A perfect example of this leadership was exhibited on the eve of the U.S. invasion of Iraq. Speaking before the House of Representatives on March 18, 2003, Rep. Barbara Lee dissented from the White House and Republican leadership on all fronts stating that: “money spent on war to destroy lives could instead be used to save lives by financing the alleviation of the impending famines in Southern Africa, or to provide clean drinking water to enhance the health of hundreds of thousands of poor, defenseless men, women and children throughout that continent… these resources could also be productively directed toward providing treatment and prevention services for those afflicted by the HIV/AIDS holocaust in Africa, the United States and other countries around the world, not to forget the blight and ravages of economic depression in Appalachia and the inner cities of America.”
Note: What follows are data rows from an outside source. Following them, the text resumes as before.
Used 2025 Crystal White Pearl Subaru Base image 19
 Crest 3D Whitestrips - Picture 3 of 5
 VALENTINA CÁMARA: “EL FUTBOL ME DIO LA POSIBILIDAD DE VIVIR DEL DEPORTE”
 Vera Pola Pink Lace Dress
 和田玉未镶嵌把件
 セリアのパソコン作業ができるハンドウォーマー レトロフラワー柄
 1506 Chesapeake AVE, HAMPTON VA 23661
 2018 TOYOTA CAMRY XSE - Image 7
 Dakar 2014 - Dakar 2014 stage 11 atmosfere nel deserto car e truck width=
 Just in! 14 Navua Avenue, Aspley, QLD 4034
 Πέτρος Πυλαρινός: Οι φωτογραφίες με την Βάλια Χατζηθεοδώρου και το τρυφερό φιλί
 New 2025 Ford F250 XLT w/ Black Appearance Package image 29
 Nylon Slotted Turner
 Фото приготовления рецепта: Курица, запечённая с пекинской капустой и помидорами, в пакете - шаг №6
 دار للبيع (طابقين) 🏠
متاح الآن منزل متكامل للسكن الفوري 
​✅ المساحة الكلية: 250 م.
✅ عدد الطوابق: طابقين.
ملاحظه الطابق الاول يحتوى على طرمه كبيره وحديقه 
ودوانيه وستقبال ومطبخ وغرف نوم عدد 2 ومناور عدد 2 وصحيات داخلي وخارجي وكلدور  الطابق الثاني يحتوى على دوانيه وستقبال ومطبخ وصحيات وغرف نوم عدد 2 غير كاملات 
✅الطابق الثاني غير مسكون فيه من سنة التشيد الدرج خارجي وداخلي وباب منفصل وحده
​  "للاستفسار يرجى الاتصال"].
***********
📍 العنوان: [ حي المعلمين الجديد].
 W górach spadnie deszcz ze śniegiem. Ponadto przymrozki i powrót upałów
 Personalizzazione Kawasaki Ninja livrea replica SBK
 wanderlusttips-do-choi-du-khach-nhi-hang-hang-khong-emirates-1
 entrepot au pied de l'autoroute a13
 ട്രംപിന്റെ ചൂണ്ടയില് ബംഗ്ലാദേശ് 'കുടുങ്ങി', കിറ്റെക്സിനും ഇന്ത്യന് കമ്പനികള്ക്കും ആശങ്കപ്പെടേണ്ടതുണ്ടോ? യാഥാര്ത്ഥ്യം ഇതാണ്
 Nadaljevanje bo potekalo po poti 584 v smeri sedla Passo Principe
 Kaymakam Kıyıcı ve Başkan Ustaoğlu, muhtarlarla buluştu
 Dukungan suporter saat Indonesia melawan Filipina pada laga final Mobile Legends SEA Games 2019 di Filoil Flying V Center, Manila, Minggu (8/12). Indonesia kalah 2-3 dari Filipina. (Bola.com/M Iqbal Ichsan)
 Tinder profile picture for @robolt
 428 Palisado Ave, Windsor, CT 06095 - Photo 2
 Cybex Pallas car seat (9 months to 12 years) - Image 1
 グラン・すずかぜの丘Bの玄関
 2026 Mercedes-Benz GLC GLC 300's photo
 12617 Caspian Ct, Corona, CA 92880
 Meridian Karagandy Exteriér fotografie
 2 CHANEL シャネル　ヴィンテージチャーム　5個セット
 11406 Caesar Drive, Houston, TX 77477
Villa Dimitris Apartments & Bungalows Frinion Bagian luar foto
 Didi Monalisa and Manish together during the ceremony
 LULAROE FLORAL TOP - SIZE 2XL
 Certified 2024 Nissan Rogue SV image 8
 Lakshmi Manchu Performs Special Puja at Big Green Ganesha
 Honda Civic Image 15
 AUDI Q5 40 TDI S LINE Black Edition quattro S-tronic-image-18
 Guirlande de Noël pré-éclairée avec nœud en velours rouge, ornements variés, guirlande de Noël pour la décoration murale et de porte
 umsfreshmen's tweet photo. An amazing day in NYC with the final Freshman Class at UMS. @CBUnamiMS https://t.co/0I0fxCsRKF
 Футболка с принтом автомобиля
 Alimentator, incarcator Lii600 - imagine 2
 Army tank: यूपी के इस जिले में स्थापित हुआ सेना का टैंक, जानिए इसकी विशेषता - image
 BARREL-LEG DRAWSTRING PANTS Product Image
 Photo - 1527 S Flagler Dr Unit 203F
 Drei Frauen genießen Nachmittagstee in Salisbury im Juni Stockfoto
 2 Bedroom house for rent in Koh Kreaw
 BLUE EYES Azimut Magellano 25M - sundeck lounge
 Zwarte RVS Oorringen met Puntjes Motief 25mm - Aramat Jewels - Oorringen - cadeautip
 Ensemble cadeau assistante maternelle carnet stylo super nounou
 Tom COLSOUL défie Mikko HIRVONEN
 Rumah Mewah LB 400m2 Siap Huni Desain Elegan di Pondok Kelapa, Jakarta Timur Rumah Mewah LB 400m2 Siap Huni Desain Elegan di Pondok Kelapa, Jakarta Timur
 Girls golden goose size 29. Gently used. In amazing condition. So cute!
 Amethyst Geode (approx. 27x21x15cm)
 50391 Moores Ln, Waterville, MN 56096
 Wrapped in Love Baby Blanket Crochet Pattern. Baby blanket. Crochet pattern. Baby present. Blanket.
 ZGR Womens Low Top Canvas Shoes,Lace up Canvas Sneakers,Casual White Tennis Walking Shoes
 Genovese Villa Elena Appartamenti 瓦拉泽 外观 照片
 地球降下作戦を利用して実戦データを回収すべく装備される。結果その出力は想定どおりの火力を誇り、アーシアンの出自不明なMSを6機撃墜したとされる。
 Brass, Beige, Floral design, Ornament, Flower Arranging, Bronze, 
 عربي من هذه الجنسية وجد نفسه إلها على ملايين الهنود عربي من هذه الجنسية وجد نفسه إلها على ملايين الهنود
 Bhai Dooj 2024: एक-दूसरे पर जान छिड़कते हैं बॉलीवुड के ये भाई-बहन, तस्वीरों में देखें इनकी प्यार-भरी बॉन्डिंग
The atomic bombings of Hiroshima and Nagasaki, and the passage of the Voting Rights Act 20 years later are both watershed events in modern history. Both are also part of the present crisis of democracy and war. August 6th will be the anniversary of both events. They are linked by more than merely a date. They are twisted and tied together, they are pieces of unfinished business that must be pursued simultaneously if a political coalition offering an alternative vision to that of the far right is to emerge. The interests of those who have been denied their civil rights in America are the same as those of the fractured and isolated democratic majority. We want peace, justice, and prosperity. And yet we get terror, militarism, and social insecurity. Those who have been denied their civil right because of racism, or more structural inequalities, are part of the natural constituency of a democratic coalition that will be capable of defeating the agenda of the corporate-conservative right. A peaceful answer to the events of August 6th, 1945, entails a passionate will to pick up and carry on the work that led to the victory of August 6th, 1965.